In Re MacIas, 195 B.R. 659 (W.D. Tex. 1996)

US District Court for the Western District of Texas - 195 B.R. 659 (W.D. Tex. 1996)
May 15, 1996

195 B.R. 659 (1996)

In re Alejandrina MACIAS, Debtor.

Bankruptcy No. 95-31002-13.

United States Bankruptcy Court, W.D. Texas, El Paso Division.

May 15, 1996.

*660 Jerry Tanzy, El Paso, Texas, for Debtor.

E.P. Bud Kirk, El Paso, Texas, for Sunwest Bank of El Paso.

Phyllis Bracher, Chapter 13 Trustee, El Paso, Texas.


LEIF M. CLARK, Bankruptcy Judge.

CAME ON for consideration the foregoing matter.

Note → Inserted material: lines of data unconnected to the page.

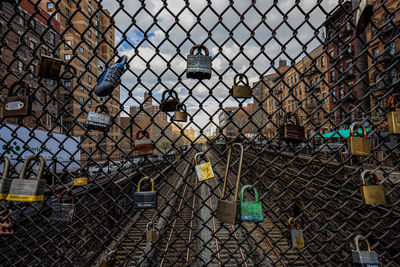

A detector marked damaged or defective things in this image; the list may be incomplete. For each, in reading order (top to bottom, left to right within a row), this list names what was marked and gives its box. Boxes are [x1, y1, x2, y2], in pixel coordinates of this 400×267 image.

old rusty padlock [37, 54, 76, 79]
old rusty padlock [188, 44, 212, 79]
old rusty padlock [2, 81, 31, 118]
old rusty padlock [85, 104, 111, 132]
old rusty padlock [134, 130, 153, 155]
old rusty padlock [159, 90, 180, 113]
old rusty padlock [173, 103, 189, 123]
old rusty padlock [233, 74, 252, 99]
old rusty padlock [280, 112, 304, 143]
old rusty padlock [346, 123, 372, 158]
old rusty padlock [6, 155, 45, 203]
old rusty padlock [51, 188, 76, 224]
old rusty padlock [134, 178, 157, 209]
old rusty padlock [195, 152, 216, 183]
old rusty padlock [216, 143, 244, 225]
old rusty padlock [360, 171, 384, 206]
old rusty padlock [288, 218, 304, 249]
old rusty padlock [354, 236, 382, 266]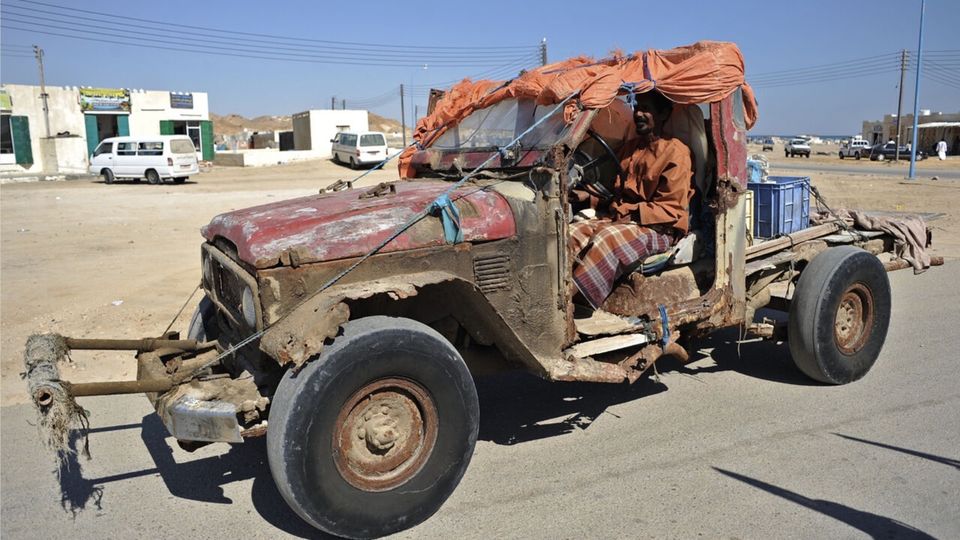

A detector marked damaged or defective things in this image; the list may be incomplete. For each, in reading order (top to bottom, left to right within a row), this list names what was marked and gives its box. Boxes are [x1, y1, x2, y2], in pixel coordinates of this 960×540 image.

rusty hood [202, 179, 516, 268]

Sunwest Bank of El Paso filed a secured claim on February 21, 1996. A bar date of December 4, 1995 for filing claims was set out in the Order and Notice of First Meeting of Creditors. This notice is sent to all creditors in the case, whether secured or unsecured. The chapter 13 trustee indicated her intention not to pay Sunwest's claim, because it has been untimely filed. The bank complained that bar dates do not apply to secured creditors and the claim should accordingly be honored. The trustee suggested that the bank file this motion to obtain a ruling from the court on the matter.


The creditor notes correctly that the bankruptcy rules do not impose a bar date for secured claims in a chapter 13 case. FED. R.BANKR.P., Rule 3002 (Clark, Boardman, Callaghan 1995-96 ed.). A secured creditor may choose not to file a claim at all, pursuant to Section 501 of title 11, and it is that provision perhaps that best explains why secured creditors were excluded from Rule 3002. See 11 U.S.C. § 501. Sunwest maintains that it can therefore file its secured claim at any time, without fear of being late, and without worry that the claim might be disallowed as untimely. See 11 U.S.C. § 502(b) (9).

The trustee in this district and division maintains that she is only permitted to make distributions to creditors who have timely filed a proof of claim. The Bankruptcy Code itself has no express requirement for this rule, given that Section 1326 only obligates the trustee to make distribution to creditors . . . in accordance with the plan. 11 U.S.C. § 1326(b) (2), (c). However, the implication of that section is that only creditors with allowed claims would be entitled to distribution, because "creditor" is defined as one who holds a "claim," and claims are established by the filing of a proof thereof in accordance with section 502(a). See 11 U.S.C. §§ 101(10); 502(a). Section 1322, which describes what plans may provide, does not use the term "allowed claim" in the context of secured creditors. See 11 U.S.C. § 1322(b) (2), (5). Section 1325 of course does use the term, but only in the context of findings that the court makes as a predicate to confirmation. 11 U.S.C. § 1325(a) (5). But even that section does not expressly prohibit the confirmation of a plan which calls for distributions to secured creditors that do not have "allowed claims" within the meaning of section 502.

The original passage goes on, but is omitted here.